Oslo Economics assisted the law firms Kvale, Thommessen, and Wikborg Rein, who represented the publishers Vigmostad & Bjørke, Gyldendal, and Aschehoug both during the Norwegian Competition Authority’s (NCA) handling of the case and as experts during the tribunal proceedings.
The NCA made a final decision on infringement fines in November 2022. Collectively, the publishers were fined NOK 545 million (~EUR 46 million). The Competition Appeals Tribunal (CAT) has now overturned the decision, and the publishers have been acquitted. This decision is final. This marks the first time a decision by the NCA imposing fines for violations of Section 10 of the Norwegian Competition Act (corresponding to TFEU 101) has been overturned at the CAT.
The press release from the tribunal states (our translation): “Unlike the Competition Authority, the Competition Appeals Tribunal did not find that the sharing of information through the Mentor Forlag subscription was an exchange of future prices but rather current/indicative prices. This, combined with the fact that the information was not shared in a channel that has the characteristic features of a private channel, i.e., that the information was simultaneously shared with the customers, implies that the Competition Appeals Tribunal has concluded that the sharing of information does not constitute a restriction of competition by object violating the Competition Act §10 and Article 53 of the EEA Agreement.”
The CAT’s decision is fully in line with Oslo Economics’ assessments during the case. During the proceeding of the case in the CAT, we emphasized that the NCA’s decision was based on an incorrect economic perception of how the competition between publishers works, especially in that it was assumed that the competition between publishers to sell books only takes place at the time of publication. This gave rise to an incorrect conclusion from the NCA that the price information registered in the book database relates to future prices.

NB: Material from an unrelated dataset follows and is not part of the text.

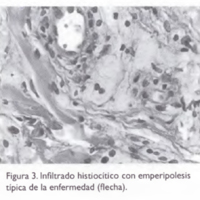 02_02_08_Devoto_fig_3.jpg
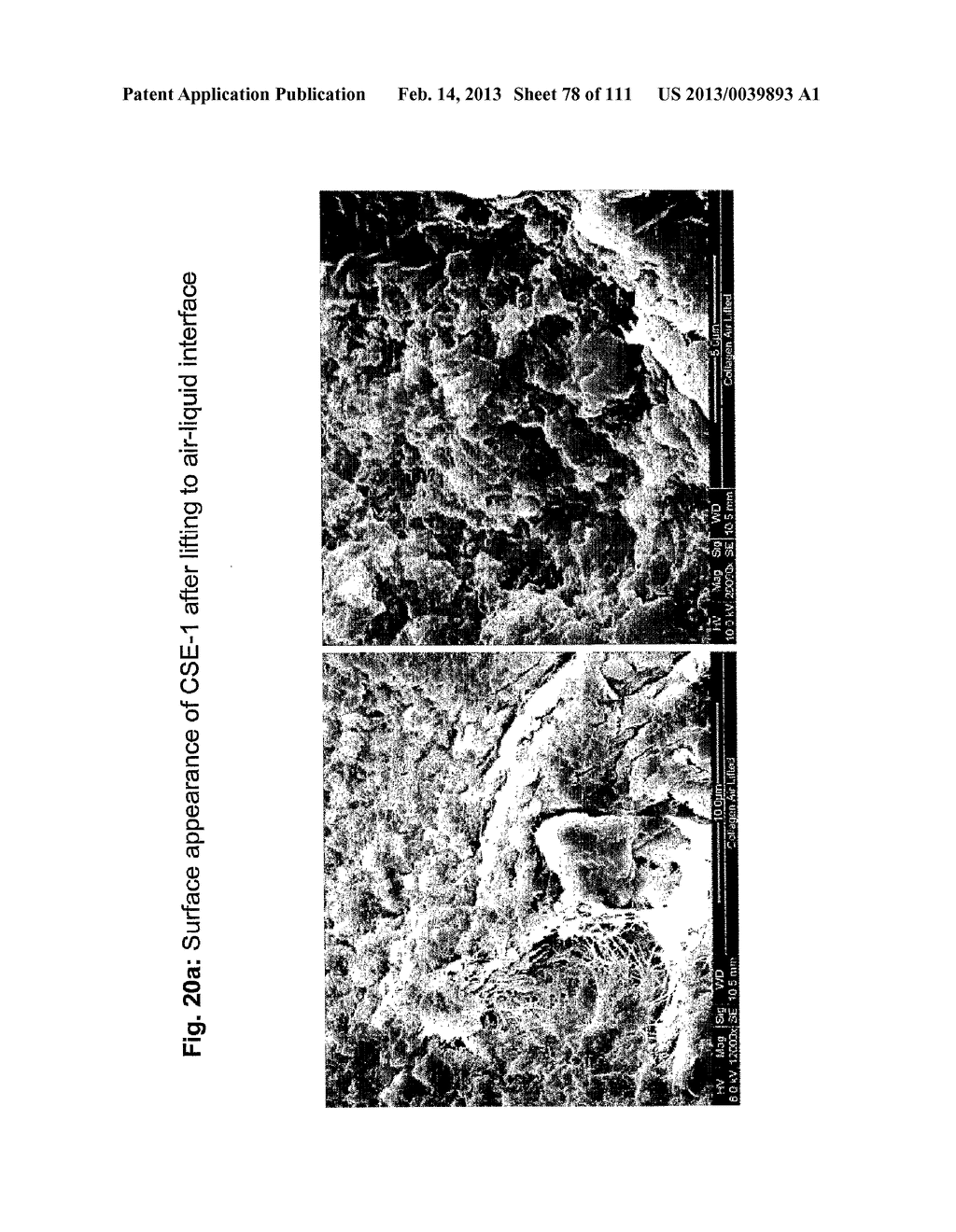 ISOLATION AND CULTIVATION OF STEM/PROGENITOR CELLS FROM THE AMNIOTIC     MEMBRANE OF UMBILICAL CORD AND USES OF CELLS DIFFERENTIATED THEREFROM - diagram, schematic, and image 79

The competition takes place long before a book’s official publication date. The publishers sell their books to the booksellers, the booksellers make their choices (marketing, etc.) and the books are put out for advance sale – long before publication. Information in the book database about upcoming publications, including prices, is thus current and represents the publishers’ competitive behaviour. Communicating information about prices and other relevant information to customers that they need to make their choices effectively and to be able to put competitors against each other is normal competitive behaviour that is necessary for the market to function effectively.